Авраама Господь всё же помиловал, а мне пришлось пройти свой крестный путь до конца. Два кларнета то и дело пускали петуха – кроме тех случаев, когда это требовалось партитурой. В комический марш слепых из первого акта я специально вставил несколько фальшивых нот, которые всегда вызывали смех. Кларнеты добрались до этого места и остановились, считая паузы: олух, оркестровавший мою музыку, переложил этот пассаж для квартета. Допустим, но на репетиции я специально просил господ кларнетистов играть здесь всё, что в голову взбредет, уже зная, что они способны изобразить лишь птичий двор. Однако эти негодяи привыкли играть, как написано, и не собирались импровизировать. Зато гобой, наоборот, обладал неуемной фантазией и вступал лишь тогда, когда сам пожелает. Флейта же свистела, если могла. Фагот вообще всё время спал.

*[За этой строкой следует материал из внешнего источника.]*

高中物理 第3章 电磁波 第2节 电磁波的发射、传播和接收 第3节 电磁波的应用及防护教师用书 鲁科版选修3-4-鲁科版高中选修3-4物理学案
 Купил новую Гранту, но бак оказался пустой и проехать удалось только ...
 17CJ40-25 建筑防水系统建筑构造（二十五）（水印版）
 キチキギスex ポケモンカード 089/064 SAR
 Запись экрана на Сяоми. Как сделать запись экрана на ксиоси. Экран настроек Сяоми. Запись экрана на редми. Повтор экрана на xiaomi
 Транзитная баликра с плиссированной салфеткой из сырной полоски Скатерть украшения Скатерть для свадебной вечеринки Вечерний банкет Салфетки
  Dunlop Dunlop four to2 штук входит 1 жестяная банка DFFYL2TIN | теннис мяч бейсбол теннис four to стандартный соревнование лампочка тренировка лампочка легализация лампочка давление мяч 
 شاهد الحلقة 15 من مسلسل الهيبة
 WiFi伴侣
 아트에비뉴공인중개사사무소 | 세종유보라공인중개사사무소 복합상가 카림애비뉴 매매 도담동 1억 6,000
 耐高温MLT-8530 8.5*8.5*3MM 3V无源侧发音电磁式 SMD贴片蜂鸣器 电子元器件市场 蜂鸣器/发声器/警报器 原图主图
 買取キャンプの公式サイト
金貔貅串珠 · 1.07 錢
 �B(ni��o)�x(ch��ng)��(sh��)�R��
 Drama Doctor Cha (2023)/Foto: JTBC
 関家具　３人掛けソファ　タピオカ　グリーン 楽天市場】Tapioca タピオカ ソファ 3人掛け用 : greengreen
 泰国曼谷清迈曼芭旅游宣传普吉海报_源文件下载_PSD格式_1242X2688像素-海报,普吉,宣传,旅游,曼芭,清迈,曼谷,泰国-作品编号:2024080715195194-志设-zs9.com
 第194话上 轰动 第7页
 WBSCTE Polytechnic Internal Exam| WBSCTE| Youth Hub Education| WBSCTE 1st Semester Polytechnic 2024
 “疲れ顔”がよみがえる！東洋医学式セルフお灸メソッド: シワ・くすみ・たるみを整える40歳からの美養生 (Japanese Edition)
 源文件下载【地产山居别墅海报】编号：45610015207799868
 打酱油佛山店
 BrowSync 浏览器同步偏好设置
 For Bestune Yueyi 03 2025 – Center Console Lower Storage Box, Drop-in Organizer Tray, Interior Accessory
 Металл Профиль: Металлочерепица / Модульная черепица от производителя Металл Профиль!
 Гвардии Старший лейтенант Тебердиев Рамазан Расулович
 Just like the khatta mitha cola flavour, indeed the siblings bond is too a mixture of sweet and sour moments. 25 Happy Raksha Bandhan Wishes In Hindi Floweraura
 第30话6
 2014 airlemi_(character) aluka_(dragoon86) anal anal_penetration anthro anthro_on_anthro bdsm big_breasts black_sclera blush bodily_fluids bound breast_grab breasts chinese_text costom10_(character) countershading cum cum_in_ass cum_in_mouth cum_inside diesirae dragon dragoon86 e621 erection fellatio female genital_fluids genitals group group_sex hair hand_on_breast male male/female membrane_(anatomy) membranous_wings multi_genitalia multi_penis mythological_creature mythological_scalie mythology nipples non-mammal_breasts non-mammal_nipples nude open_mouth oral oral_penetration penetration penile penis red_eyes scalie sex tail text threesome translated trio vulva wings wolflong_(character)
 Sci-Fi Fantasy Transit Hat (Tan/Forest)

Виолончель и контрабас, сидевшие за моей спиной, пропускали такты и потом пытались наверстать упущенное. Дирижируя правой рукой, левой я перехватывал то смычок контрабаса, то смычок виолончели. Только первая скрипка умудрялась верно вести свою партию, но скрипачу было очень жарко: воздух в зале нагрелся градусов до сорока, и бедняга то и дело отирал пот со лба. Я просил его тогда:
– Не бросайте меня, мой друг, иначе мы пропали!
Он печально выпускал из рук свой платок и снова брался за инструмент.
К концу первого акта я захлебывался в море фальши и думал лишь о том, выдают ли здесь зрителям скамеечки для ног, которыми парижане запускают в оскандалившихся артистов. После финальных нот я остановил оркестр, еле удерживаясь, чтобы не втянуть голову в плечи… Буря аплодисментов! Я ушам своим не поверил.
Но это только присказка, был же еще и второй акт.
Держа в голове свою собственную оркестровку, я повернулся влево, к флейте-пикколо, но вместо нее вступил тромбон справа. Согласно партитуре кларнеты должны были исполнить мелодию в терцию; местный аранжировщик отдал ее корнет-а-пистону, который страшно фальшивил, и фаготу, который всё еще спал.
Когда мы кое-как добрели до финала, я был весь в поту. Дуэт Розы и Баволе заканчивается на до, и поскольку следующий за ним выход Клоринды начинается в си мажоре, я сделал модуляцию через до диез, фа диез, ми; контрабас играет ля диез… Великий музыкант из Х оркестровал мой маленький стройный марш для двух петушиных кларнетов, своенравного гобоя и крепко спящего фагота. Я подавал отчаянные знаки соседу фагота, который разбудил его резким толчком. Если бы я знал, что из этого выйдет, то не мешал бы ему спать. Вместо того чтобы сыграть ля диез, эта скотина со всей дури выдула ми! На три тона выше! Бедная артистка, игравшая Клоринду, естественно, последовала за ним, оркестр же, не вникавший в такие детали, продолжал играть, как играл. Представьте себе эту какофонию. Пот катился с меня градом, я метался за пультом, разрываясь между Клориндой и музыкантами; никто из них не понимал моей жестикуляции. И тут меня осенило. Я сделал вдохновенный и энергический жест в сторону барабана; тот понял и выдал дробь! Ах, какая дробь – чуть стекла не повылетали, на целых тридцать тактов! Сколько фальшивых нот не смогли пробиться сквозь нее! Публика наверняка не поняла, откуда взялся барабан в интимной сцене посреди ночи. Возможно, она решила, что в этом проявился гений композитора. В тот вечер я действительно чувствовал себя гением, нашедшим выход из безнадежной ситуации.
На следующее утро я с замиранием сердца развернул газеты, ожидая найти в них потоки брани в мой адрес. Отнюдь! С них пролились потоки лести и цветистых похвал моей оригинальной и эксцентричной манере дирижировать оркестром. Тем не менее я вернулся в Нью-Йорк, отказавшись от поездки в Чикаго.